Come startup, Greenrail ha dovuto intraprendere un percorso in salita: la miscela di traversine è stata realizzata in collaborazione con il Politecnico di Milano dopo 35 tentativi. Inizialmente, la miscela di materiale termoplastico, ottenuta per circa il 50% da pneumatici a fine vita e per il 50% da plastica riciclata con struttura interna in cemento armato precompresso, era considerata impossibile da stampare ad iniezione, unica possibilità per l’azienda di allora.

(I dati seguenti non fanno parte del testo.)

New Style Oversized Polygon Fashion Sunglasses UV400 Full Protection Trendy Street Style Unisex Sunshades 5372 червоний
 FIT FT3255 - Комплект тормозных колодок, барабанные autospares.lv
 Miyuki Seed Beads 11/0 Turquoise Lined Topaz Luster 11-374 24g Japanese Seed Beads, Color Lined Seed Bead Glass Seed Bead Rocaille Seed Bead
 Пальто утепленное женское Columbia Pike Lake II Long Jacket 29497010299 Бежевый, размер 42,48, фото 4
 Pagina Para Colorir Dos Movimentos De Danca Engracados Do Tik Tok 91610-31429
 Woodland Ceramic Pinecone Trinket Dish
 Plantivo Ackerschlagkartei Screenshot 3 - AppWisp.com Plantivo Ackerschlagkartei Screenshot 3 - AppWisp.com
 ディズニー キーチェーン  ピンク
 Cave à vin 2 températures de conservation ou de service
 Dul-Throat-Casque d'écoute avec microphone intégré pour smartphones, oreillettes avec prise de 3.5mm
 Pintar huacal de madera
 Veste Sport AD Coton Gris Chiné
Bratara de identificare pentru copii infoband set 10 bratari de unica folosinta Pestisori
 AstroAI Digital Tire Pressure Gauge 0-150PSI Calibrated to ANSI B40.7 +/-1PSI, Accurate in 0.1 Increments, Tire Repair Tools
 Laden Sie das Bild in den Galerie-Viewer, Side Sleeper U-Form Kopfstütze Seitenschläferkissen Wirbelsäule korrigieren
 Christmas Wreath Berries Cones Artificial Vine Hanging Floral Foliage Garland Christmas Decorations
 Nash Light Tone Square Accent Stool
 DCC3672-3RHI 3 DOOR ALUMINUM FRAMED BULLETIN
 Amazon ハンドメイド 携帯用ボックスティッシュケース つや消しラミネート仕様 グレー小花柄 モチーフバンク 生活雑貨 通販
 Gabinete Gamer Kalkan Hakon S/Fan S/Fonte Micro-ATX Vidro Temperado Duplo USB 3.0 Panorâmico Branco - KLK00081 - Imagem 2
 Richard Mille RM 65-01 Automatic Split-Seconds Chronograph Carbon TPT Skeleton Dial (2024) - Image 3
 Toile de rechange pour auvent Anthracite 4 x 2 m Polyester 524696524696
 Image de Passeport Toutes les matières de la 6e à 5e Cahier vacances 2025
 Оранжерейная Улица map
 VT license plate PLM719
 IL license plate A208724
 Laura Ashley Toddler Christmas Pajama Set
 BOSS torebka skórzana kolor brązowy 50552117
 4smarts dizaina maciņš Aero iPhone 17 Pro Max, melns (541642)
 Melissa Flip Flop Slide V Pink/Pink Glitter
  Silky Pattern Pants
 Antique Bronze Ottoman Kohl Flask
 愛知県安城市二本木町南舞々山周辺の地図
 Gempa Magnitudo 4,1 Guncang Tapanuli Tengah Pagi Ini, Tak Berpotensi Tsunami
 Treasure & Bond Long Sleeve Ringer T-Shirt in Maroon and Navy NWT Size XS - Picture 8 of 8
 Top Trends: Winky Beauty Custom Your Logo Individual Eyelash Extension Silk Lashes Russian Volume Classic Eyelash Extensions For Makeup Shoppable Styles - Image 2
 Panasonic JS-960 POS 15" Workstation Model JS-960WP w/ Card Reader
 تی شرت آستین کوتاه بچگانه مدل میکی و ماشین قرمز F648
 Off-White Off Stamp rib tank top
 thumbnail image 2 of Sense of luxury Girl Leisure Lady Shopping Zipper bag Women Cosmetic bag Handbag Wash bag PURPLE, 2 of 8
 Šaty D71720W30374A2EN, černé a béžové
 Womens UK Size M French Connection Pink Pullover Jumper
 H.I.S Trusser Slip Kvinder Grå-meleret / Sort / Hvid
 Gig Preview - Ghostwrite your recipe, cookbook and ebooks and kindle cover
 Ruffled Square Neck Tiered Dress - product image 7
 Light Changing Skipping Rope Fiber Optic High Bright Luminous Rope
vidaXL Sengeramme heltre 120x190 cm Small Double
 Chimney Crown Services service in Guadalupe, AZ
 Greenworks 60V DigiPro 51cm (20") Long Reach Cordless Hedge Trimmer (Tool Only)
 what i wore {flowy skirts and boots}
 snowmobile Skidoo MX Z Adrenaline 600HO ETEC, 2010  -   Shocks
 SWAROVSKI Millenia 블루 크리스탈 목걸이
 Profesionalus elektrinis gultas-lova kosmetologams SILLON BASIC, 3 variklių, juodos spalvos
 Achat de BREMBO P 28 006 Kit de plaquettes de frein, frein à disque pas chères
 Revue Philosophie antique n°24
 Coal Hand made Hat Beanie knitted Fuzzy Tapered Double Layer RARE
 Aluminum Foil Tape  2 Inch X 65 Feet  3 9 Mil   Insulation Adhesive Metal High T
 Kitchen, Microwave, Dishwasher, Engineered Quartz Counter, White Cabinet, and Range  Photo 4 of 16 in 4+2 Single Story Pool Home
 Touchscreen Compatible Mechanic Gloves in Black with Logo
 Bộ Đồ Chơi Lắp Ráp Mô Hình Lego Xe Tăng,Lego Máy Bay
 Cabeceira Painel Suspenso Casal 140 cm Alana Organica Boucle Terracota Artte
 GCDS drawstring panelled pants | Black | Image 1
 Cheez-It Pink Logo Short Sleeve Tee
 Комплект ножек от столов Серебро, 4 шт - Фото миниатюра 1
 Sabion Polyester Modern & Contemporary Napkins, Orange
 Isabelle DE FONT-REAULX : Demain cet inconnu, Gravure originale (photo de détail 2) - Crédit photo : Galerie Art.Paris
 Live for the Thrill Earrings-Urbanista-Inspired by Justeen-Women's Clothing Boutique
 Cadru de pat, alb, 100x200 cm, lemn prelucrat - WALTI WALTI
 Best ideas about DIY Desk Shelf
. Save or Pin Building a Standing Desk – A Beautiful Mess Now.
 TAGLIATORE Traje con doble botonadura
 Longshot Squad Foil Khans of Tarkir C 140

Ad oggi hanno installato le prime traversine con le Ferrovie dell’Emilia-Romagna, e il brevetto è definitivo in 80 paesi del mondo. I vantaggi del prodotto sviluppato da Greenrail sono evidenti, come la riduzione fino al 50% dei costi delle linee ferroviarie, il 40% delle vibrazioni e il 20% del rumore del traffico ferroviario. Tutti questi valori sono importanti per poter partecipare ai bandi di gara che richiedono bassi valori di “value engineering”, ovvero il costo del ciclo vita del prodotto. Inoltre, le traversine hanno anche ottenuto la certificazione del ciclo vita dal Politecnico di Milano poiché, dopo 45/50 anni, quando arrivano alla fine, possono essere reinserite nel processo produttivo. Dopo la fondazione della startup nel 2012, il brevetto dell’idea nel 2013 e il deposito del brevetto internazionale tra il 2013 e il 2014, Greenrail ha partecipato a diversi concorsi per startup. L’azienda è stata finalista del premio Gaetano Marzotto nel 2013 ed è riuscita a vincere la gara di Edison ottenendo 100 mila euro nel 2014, grazie alla quale ha iniziato la vera e propria ricerca per la realizzazione del prodotto.

Sempre più clienti e concorrenti iniziano a desiderare le licenze o il prodotto Greenrail: questo perché, oltre ad offrire il prodotto, questi portano sul territorio un processo virtuoso in grado di muovere il riciclo della plastica e dei pneumatici a fine vita. Basti pensare che in India stanno iniziando ad inserire nei bandi di gara per le specifiche tecniche di fornitura, che le traversine siano realizzate con plastica e gomma riciclata. Entro il 2019 è stata completata la fase di ricerca e sviluppo delle traversine ferroviarie. Tuttavia, la start-up è sempre proiettata verso il futuro, cercando di immaginare come saranno le infrastrutture ferroviarie tra 40/50 anni. Si potrebbe quindi parlare del passaggio da infrastrutture passive a infrastrutture attive, capaci di immagazzinare e trasferire dati e di diventare “intelligenti”.

Un’idea è stata anche quella di integrare i pannelli fotovoltaici nelle traverse, basandosi sulla semplice constatazione che per il 95% del loro tempo sono al sole e sarebbe terribile perdere un potenziale energetico così evidente. Così il prodotto è stato visto come un contenitore in grado di racchiudere sistemi di qualsiasi tipo. Inoltre, Greenrail sta puntando all’inserimento di sistemi di rilevazione dei dati relativi alla diagnostica e alla manutenzione dei veicoli ferroviari e su questo progetto ha creato un’importante partnership di ricerca con Indra.

Negli ultimi mesi Greenrail sta continuando ad espandersi e a farsi conoscere a livello internazionale, con clienti e potenziali concorrenti, offrendo un prodotto innovativo e completamente ecosostenibile, un esempio di processo di riciclo per la plastica e i pneumatici a fine vita.